He had told her about Lyra, as early as the days when she had made it her life's mission to kill him, using the pretense of telling a story about one of the rebel pilots who had stolen the first Death Star plans. But Mara had seen through it, saw the stars in his eyes, and had throw at him all the disgust she could muster while trudging through the forests of Mykyr. "She was a traitor," Mara had spat reflexively, because she knew all about Lyra Erso, who had betrayed the Emperor; even her own father, Galen.
"Depending on your point of view," he had said calmly. "Have you asked yourself what your point of view is now?"
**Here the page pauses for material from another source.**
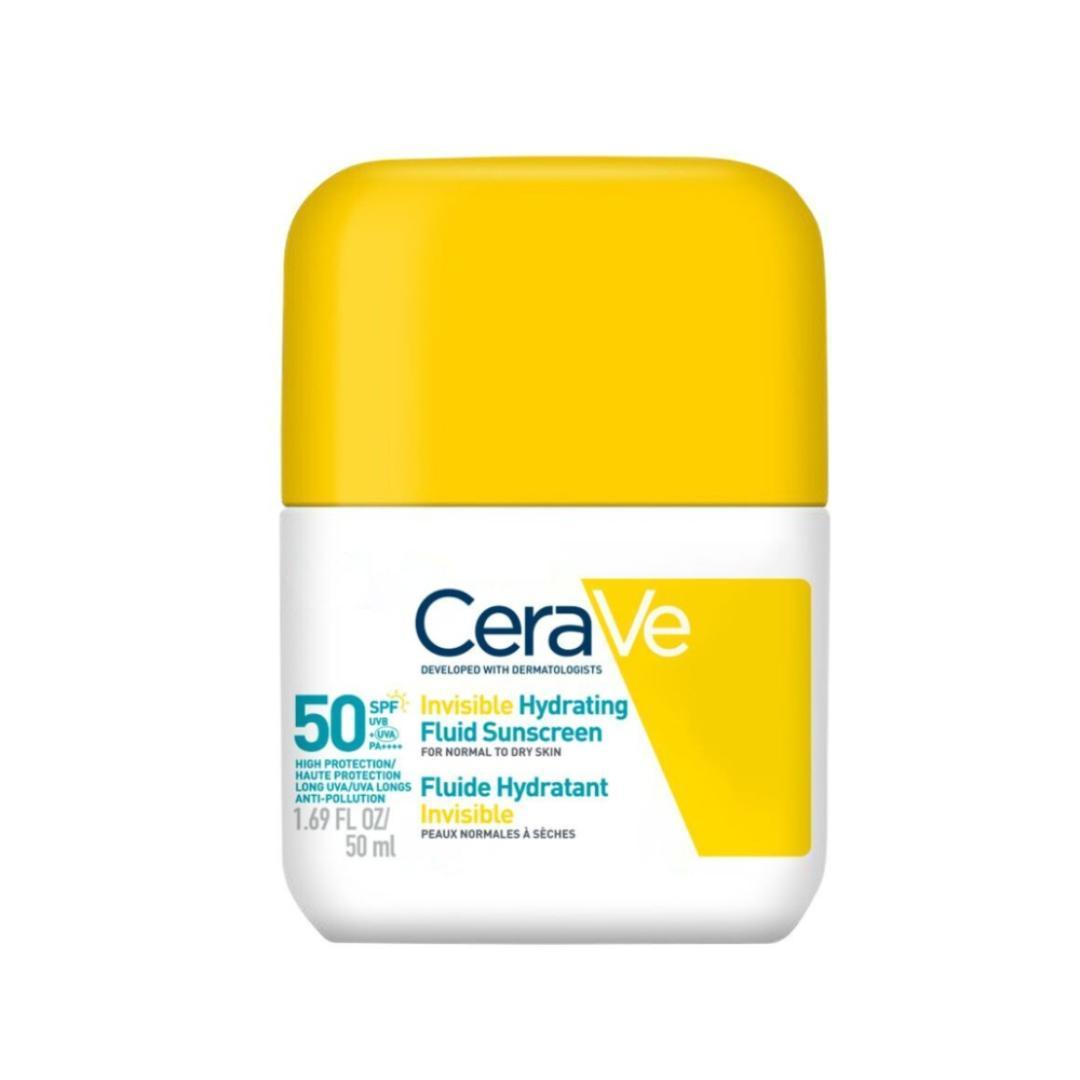 CeraVe Invisible Hydrating Fluid Sunscreen SPF50 50ml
She had hated the way he could look through her, but somehow this ability of his had never translated into him understanding how she felt about him. But it was a two-way street, she rationalized. She had never spoken up, either, but she hadn't wanted to risk losing him as an ally, as a friend if he hadn't felt the same way, and she had never been sure, even when he looked at her that way sometimes.
But Lyra had squashed any of those hopes, and so Mara did what she was good at; found another way to live as far away as possible from the pain she felt.
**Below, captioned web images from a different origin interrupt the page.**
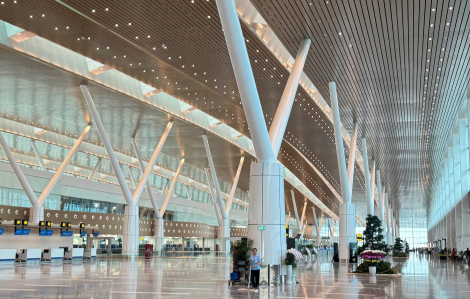 Đã khắc phục rò rỉ nước tại Nhà ga T3 Tân Sơn Nhất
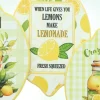 Küche|Frank Handels GmbH & Co. KG Wanddeko "Lemon", 3er Set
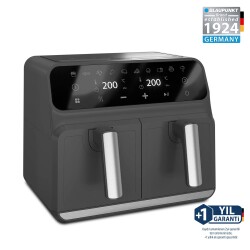 Blaupunkt D7800 Taste Master 2 Basket Air Fryer Black - Blaupunkt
But their inexplicable link through the Force contrived to take even that away from her. She had felt the reverberation of his grief when Ben Solo had turned; when the students at the Academy had been slaughtered; when he had felt Lyra die through the Force. Mara had curled up in the cabin of her ship, shaking with the boom of his grief for two days, dry heaving until she could set her ship to take her away from the echo of his pain. And then like that, her connection to him had severed; he had disappeared.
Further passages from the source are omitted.